To identify the site name, use the cldap.pl perl script (AD.SEC.EXAMPLE.COM is not the site name, it is the AD domain name). After running cldap.pl, the site name will be given for the server and client site name, which in this case is Default-First-Site-Name. There is a perl package dependency for this.
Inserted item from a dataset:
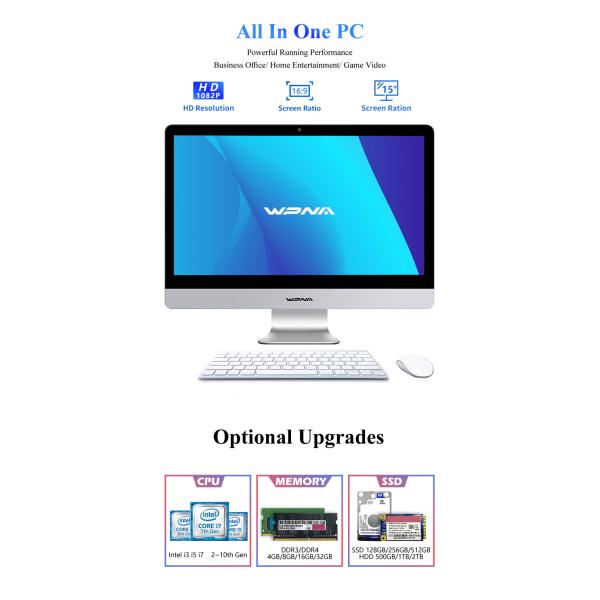 27 Inch Core I5 3340M 8G 256G SSD Office All In One Desktop Computer For Business Work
First, install this package:
# yum install perl-Convert-ASN1 $ cldap.pl AD.SEC.EXAMPLE.COM -s w2k8-1.ad.sec.example.com Information for Domain Controller: w2k8-1.ad.sec.example.com Response Type: SAMLOGON GUID: 86163d0a-bb74-4757-b9aa-6a918b24ab18 Flags: Is a PDC: yes Is a GC of the forest: yes Is an LDAP server: yes Supports DS: yes Is running a KDC: yes Is running time services: yes Is the closest DC: yes Is writable: yes Has a hardware clock: yes Is a non-domain NC serviced by LDAP server: no Forest: ad.sec.example.com Domain: ad.sec.example.com Domain Controller: w2k8-1.ad.sec.example.com Pre-Win2k Domain: AD Pre-Win2k Hostname: W2K8-1 Unk: Server Site Name: Default-First-Site-Name Client Site Name: Default-First-Site-Name NT Version: 5 LMNT Token: ffff LM20 Token: ffff
Example output of cldap.pl
To find the nearest AD domain controllers:
$ dig @w2k8-1.ad.sec.example.com -t SRV _ldap._tcp.Default-First-Site-Name._sites.dc._msdcs.ad.sec.example.com
Step 3: Samba client setup
# yum install samba-client samba-common-tools
Next configure as shown below. Substitute servername accordingly for other nodes. Please note that the NetBIOS name cannot exceed 15 characters.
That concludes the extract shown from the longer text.